Organization Settings
The organization settings require a name and abbreviation for your organization. These will be used in the portal to refer to anything relating to your organization’s data.
Resources
For each resource you will need this information:
- Resource name - A short name or abbreviation that will be used when displaying data about specific resources.
- Formal name - A possibly longer, more descriptive name for the resource.
- Resource type - The type that best describes this resource.
- Node count - The current number of nodes in the resource.
- Processor count - The total sum of all the processors (CPU cores) in the resource.

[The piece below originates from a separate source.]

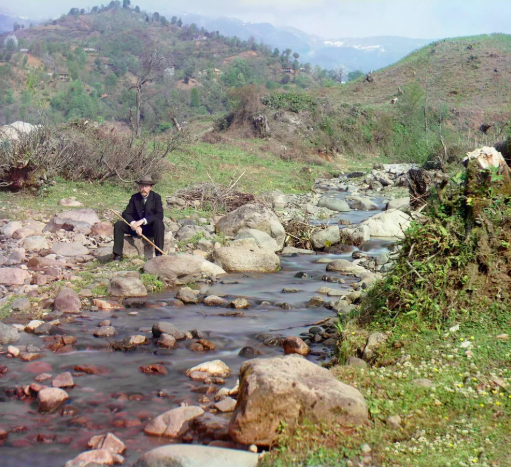UtterlyInterest's tweet photo. Long before colour-sensitive films were invented, Russian photographer Prokudin-Gorsky used to take 3 individual black-and-white photos, each with a filter (Red, Green, Blue) to create high-quality pictures in full colour. This self-portrait of him is 107 years old. https://t.co/OnxdOktmVa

For example, if you have a resource dedicated to your physics department with 100 nodes that have 16 cores in each node, you could use these values:
- Resource name: physics
- Formal name: Physics Department Cluster
- Resource type: hpc
- Node count: 100
- Processor count: 1600
The resource name supplied here must be specified during the shredding process. If you are using the Slurm helper script, this name must match the cluster name used by Slurm.
The resource type defines metadata that can be used to group and filter resources in the XDMoD user interface.
The number of nodes and cores in your resource are used to display the
utilization charts (the percentage of your cluster that is being used).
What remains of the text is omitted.